Component Interfaces
Applications usually communicate with other software systems.
Within an application, components interface with each other to provide services
and exchange data. Common causes of failure at interfaces are misunderstanding
of data usage, data lengths, data validation, assumptions, trust relationships,
etc. Understanding the interfaces exposed by components is essential in
exposing security bugs hidden in the interactions between components. The need
for such understanding and testing becomes paramount when third-party software
is used or when the source code is not available for a particular component.
Another important benefit of understanding component interfaces is validation
of principles of compartmentalization.
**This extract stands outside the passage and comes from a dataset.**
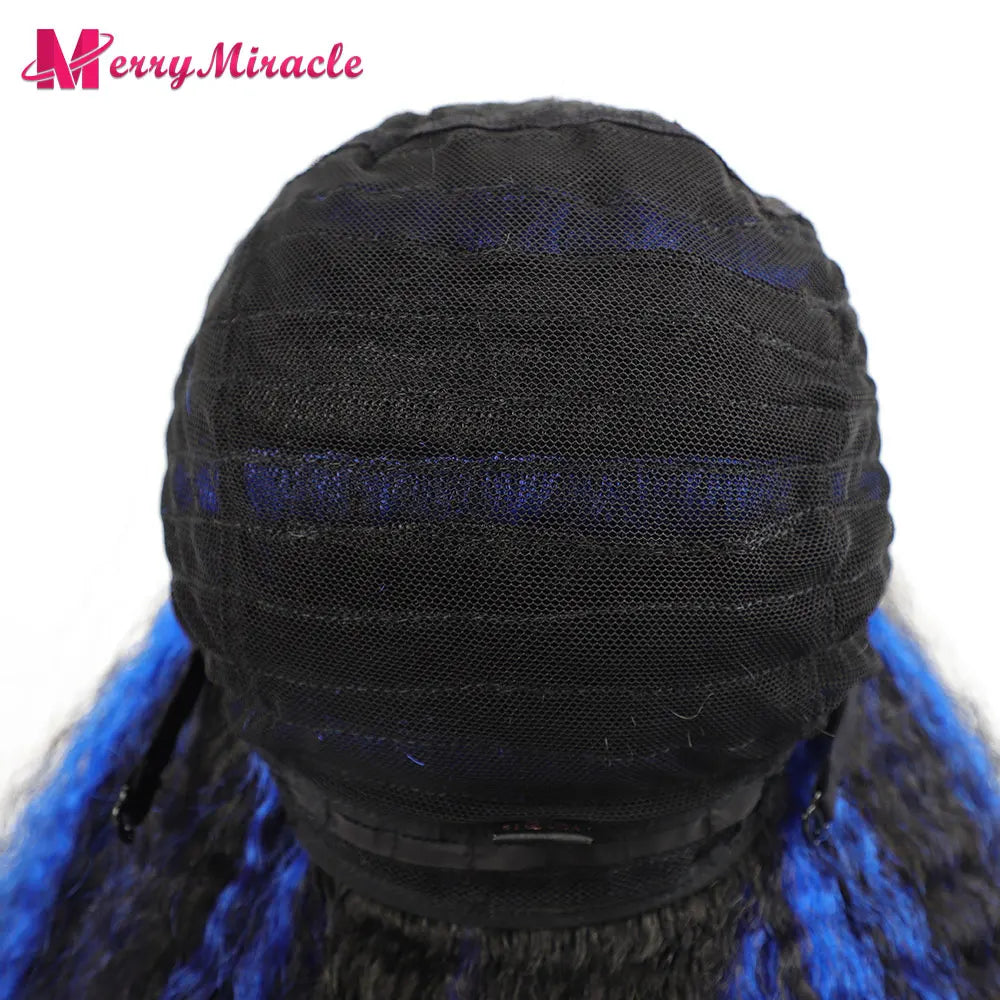 Long Kinky Curly Ombre Color Synthetic Wigs for Black Women Black Blonde Ginger White Hair Afro Kinky Curly Synthetic Hair Wigs
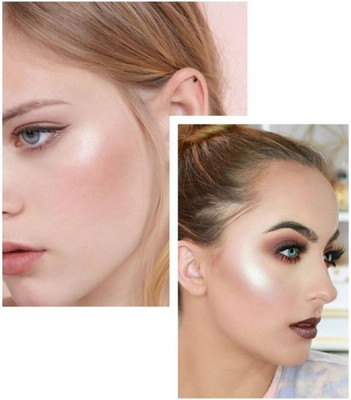 HUZURLU Base Dewy Primer with Highlighter | Glowy Dewy Primer for Face Makeup pink Highlighter(white pink)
The basic idea behind
compartmentalization is to minimize the amount of damage that can be done to a
system by breaking up the system into as few units as possible while still
isolating code that has security privileges [McGraw 02]. Test cases can be
developed to validate compartmentalization and to explore failure behavior of
components in the event of security violations and how the failure affects
other components.
Configuration
In many cases, software comes with various parameters set by
default, possibly with no regard for security. Often, functional testing is
performed only with the default settings, thus leaving sections of code related
to non-default settings untested. Two main concerns with configuration
parameters with respect to security are storing sensitive data in configuration
files and configuration parameters changing the flow of execution paths. For
example, user privileges, user roles, or user passwords are stored in the
configuration files, which could be manipulated to elevate privilege, change
roles, or access the system as a valid user. Configuration settings that change
the path of execution could exercise vulnerable code sections that were not
developed with security in mind. The change of flow also applies to cases where
the settings are changed from one security level to another, where the code
sections are developed with security in mind. For example, changing an endpoint
from requiring authentication to not
requiring authentication means the endpoint can be accessed by everyone. When a
system has multiple configurable options, testing all combinations of
configuration can be time consuming; however, with access to source code, a
risk-based approach can help in selecting combinations that have higher
probability in exposing security violations. In addition, coverage analysis should
aid in determining gaps in test coverage of code paths.
Error handling
The most neglected code paths during the testing process are error
handling routines. Error handling in this paper includes exception handling,
error recovery, and fault tolerance routines. Functionality tests are normally
geared towards validating requirements, which generally do not describe
negative (or error) scenarios. Even when negative functional tests are created,
they don’t test for non-normative behavior or extreme error conditions, which
can have security implications. For example, functional stress testing is not
performed with an objective to break the system to expose security
vulnerability. Validating the error handling behavior of the system is critical
during security testing, especially subjecting the system to unusual and
unexpected error conditions. Unusual errors are those that have a low
probability of occurrence during normal usage. Unexpected errors are those that
are not explicitly specified in the design specification, and the developers
did not think of handling the error. For example, a system call may throw an
”unable to load library” error, which may not be explicitly listed in the
design documentation as an error to be handled. All aspects of error handling
should be verified and validated, including error propagation, error
observability, and error recovery. Error propagation is how the errors are
propagated through the call chain. Error observability is how the error is
identified and what parameters are passed as error messages. Error recovery is
getting back to a state conforming to specifications. For example, return codes
for errors may not be checked, leading to uninitialized variables and garbage
data in buffers; if the memory is manipulated before causing a failure, the
uninitialized memory may contain attacker-supplied data. Another common mistake
to look for is when sensitive information is included as part of the error
messages.
Tools
Source Code Analysis
Source code analysis is the process of checking source code for
coding problems based on a fixed set of patterns or rules that might indicate
possible security vulnerabilities. Static analysis tools scan the source code
and automatically detect errors that typically pass through compilers and
become latent problems. The strength of static analysis depends on the fixed
set of patterns or rules used by the tool; static analysis does not find all
security issues. The output of the static analysis tool still requires human
evaluation. For white box testing, the results of the source code analysis
provide a useful insight into the security posture of the application and aid
in test case development. White box testing should verify that the potential
vulnerabilities uncovered by the static tool do not lead to security
violations. Some static analysis tools provide data-flow and control-flow
analysis support, which are useful during test case development.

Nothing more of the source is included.